If you’re denied housing (or employment) based on a background check, the company making the decision is required to tell you which consumer reporting agency provided the adverse information and to give you a free copy of that report. You have 60 days to request the report and the right to dispute any inaccurate information directly with the reporting agency. Once you file a dispute, the agency has 30 days to investigate and either correct the record or explain why it disagrees.
That timeline matters. A housing denial that arrives on a Thursday, a dispute filed the following Monday, and a corrected report three weeks later doesn’t help you if you needed housing last week. The FCRA process is built around correction, not prevention, and it assumes that the consumer has time and information that often isn’t available during a live housing search.
Before you’re in that position, you can proactively request your tenant screening report from companies like Checkr. You can also run a search on your own name through major public records sources to see what’s out there and whether anything is misattributed. Knowing your own record before a landlord runs a check gives you time to dispute errors without the pressure of a pending application.

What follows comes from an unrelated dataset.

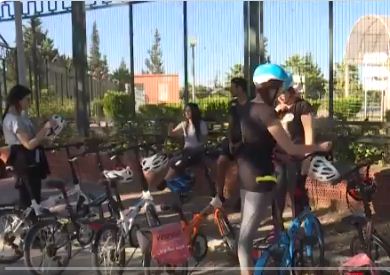فتيات تركب الدراجات فى تونس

If you’ve already been denied and you believe the report was inaccurate, put your dispute in writing, document every step, and confirm receipt. If the agency doesn’t respond within the required timeframe, or fails to correct a confirmed error, that failure is itself an FCRA violation that a consumer protection attorney can pursue.
The rental application as a data collection event
A housing application involves submitting some of your most sensitive information: your Social Security number for the background check, income documents and pay stubs, bank statements, prior rental history with landlord contact information. The combination amounts to a comprehensive personal financial profile.

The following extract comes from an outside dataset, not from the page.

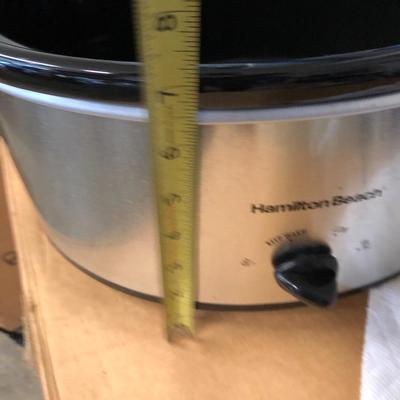Large Hamilton Beach Crockpot Model 33167 -Lot 290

That profile passes through the landlord’s chosen screening platform, which may or may not be Checkr or Appfolio. It’s worth knowing which platform your prospective landlord uses before you apply, so you can understand how that company handles your data and whether you have the right to dispute anything in your report. Some landlords use multiple services, including separate credit bureaus and tenant-specific screening companies. Each is governed by the FCRA if they meet the definition of a consumer reporting agency.
For the documents in the rental process that you sign rather than submit for screening, handling them through a tool that processes locally is one way to avoid adding an extra server-side copy of a document containing your signature and personal details. Signegy handles lease signatures and rental documents in the browser without sending your file to a server, as do macOS Preview and other local PDF tools. That’s a smaller concern than the background check data itself, but for people who are careful about their data footprint throughout the rental process, it’s worth factoring in.
What comes next
The Davis v. Checkr case will work through motions, class certification, and, if it proceeds, discovery. FCRA class actions against background check companies have historically settled, sometimes for amounts that provide meaningful relief to class members and sometimes for amounts that mostly cover legal fees. The outcome here will depend on what discovery reveals about Checkr’s matching practices and how widespread the problem was.
The broader picture is of an industry where enforcement has produced settlements but not structural change. Appfolio settled in 2020 and the same category of accuracy failures continues to generate litigation. Whether the CFPB, which has authority over consumer reporting agencies under the FCRA, pursues systematic enforcement in tenant screening will shape whether these cases are isolated events or part of a longer pattern of accountability.